I am a married woman with two children. It is hard to explain what is really wrong. I have been married for five years. My husband does not run around, smoke or have many other bad habits that cause other women grief.
However, he is downright unkind in other ways.
Do you know that he has not paid me a compliment in the five years that we have been married, even though I beg him to? Would you believe he never tells me he loves me even when I ask him to?
Christine, I work hard at my job and help pay half the expenses of the home. The hurtful thing, too, is he hardly says anything to me. When we watch television he lies on the couch and says nothing.
You can understand how lonesome I get. He hardly takes me anywhere and when he does he is anxious to be home again.
I told him that I was unhappy and explained why. Would you believe it made no impression? He still displays the same attitude towards me.
Since then we have had sex twice and although I asked him about what I discussed with him he said nothing. Therefore it was the same silent lovemaking on his part.

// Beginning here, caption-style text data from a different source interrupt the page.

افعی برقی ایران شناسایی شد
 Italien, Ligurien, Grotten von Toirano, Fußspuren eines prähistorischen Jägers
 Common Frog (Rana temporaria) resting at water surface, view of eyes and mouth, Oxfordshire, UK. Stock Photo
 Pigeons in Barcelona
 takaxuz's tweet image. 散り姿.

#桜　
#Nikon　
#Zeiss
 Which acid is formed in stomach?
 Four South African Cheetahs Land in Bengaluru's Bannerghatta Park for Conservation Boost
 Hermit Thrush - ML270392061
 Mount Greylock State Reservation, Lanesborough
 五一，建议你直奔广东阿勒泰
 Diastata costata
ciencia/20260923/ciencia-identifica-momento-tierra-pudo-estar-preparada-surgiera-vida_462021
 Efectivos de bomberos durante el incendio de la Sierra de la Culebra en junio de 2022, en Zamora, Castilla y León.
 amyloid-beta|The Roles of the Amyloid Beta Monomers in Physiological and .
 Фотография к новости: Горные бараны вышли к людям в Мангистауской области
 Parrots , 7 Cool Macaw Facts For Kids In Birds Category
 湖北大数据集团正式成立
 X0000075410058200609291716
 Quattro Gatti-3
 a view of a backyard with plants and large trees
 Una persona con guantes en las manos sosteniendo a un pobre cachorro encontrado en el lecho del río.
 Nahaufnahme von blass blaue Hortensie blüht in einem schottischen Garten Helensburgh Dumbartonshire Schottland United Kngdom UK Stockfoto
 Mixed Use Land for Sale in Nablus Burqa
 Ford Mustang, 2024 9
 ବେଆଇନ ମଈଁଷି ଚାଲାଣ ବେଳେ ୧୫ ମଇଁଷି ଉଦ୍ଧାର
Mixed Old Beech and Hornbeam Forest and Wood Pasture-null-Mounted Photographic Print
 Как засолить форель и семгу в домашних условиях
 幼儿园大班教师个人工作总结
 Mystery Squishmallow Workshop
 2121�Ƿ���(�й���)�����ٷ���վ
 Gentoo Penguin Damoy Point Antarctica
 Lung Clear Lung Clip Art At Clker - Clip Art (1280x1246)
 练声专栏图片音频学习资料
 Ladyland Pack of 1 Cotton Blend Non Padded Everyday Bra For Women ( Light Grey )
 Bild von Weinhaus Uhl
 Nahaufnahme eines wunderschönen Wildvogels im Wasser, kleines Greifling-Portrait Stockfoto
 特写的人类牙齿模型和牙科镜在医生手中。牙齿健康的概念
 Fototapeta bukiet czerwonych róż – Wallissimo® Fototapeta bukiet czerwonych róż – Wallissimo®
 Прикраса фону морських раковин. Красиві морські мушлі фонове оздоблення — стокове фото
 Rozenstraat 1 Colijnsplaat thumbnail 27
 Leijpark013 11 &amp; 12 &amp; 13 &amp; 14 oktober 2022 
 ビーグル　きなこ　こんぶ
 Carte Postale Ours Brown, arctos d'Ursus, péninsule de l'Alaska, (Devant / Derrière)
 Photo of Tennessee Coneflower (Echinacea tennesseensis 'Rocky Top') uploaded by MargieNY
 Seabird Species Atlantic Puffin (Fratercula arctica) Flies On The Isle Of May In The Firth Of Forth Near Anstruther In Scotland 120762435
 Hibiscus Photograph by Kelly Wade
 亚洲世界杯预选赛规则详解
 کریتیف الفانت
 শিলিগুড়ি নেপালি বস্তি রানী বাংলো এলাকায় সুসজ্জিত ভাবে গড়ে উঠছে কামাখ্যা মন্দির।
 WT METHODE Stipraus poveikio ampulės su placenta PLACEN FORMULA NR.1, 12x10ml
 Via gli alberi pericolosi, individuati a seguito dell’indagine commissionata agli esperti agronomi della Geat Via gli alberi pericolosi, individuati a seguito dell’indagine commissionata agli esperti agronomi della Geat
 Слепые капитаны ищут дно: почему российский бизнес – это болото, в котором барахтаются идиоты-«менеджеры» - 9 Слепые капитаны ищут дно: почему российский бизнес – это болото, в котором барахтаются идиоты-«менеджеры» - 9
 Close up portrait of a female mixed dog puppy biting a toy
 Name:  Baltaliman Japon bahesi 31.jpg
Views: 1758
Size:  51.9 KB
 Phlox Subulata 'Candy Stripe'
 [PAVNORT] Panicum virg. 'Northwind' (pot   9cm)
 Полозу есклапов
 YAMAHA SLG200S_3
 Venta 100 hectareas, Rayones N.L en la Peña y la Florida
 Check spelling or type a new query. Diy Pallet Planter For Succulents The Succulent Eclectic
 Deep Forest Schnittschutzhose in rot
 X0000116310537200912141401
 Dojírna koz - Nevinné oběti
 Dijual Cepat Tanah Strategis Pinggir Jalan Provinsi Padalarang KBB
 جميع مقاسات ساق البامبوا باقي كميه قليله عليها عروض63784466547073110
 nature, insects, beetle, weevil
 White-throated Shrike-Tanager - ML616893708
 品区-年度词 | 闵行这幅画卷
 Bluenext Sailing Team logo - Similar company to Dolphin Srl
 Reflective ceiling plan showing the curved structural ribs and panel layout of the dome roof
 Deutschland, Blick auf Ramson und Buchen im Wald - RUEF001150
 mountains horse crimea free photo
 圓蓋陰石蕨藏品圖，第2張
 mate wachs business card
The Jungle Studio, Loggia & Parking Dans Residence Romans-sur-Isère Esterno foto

Christine, in all my life I have never felt so humiliated. What I would like to know is if all men are like this? I have never had a chance to find out.
Christine, I cannot go on with this behaviour for the rest of my life or I feel I would go quietly mad. I feel very depressed.
It is regrettable, but you seem to have acquired one of the so-called strong, silent types for a husband, and if your efforts have not succeeded in changing him so far, they are not likely to do so in the future.
All men are not like your husband. If you can think of his other fine qualities and ignore this part of his make-up, the situation might not be so bad.
The thing to do is not to rely on him entirely for some social contact. Join a club, organisation or make friends at church. Do something that will allow you to make friends with other people.
If your husband is addicted to the television you are in an almost impossible situation and will either have to accept it or run from it.
I hope that you can find more to your marriage to stay with it. By the way, the fact that he doesn’t say it doesn’t mean that he does not love you.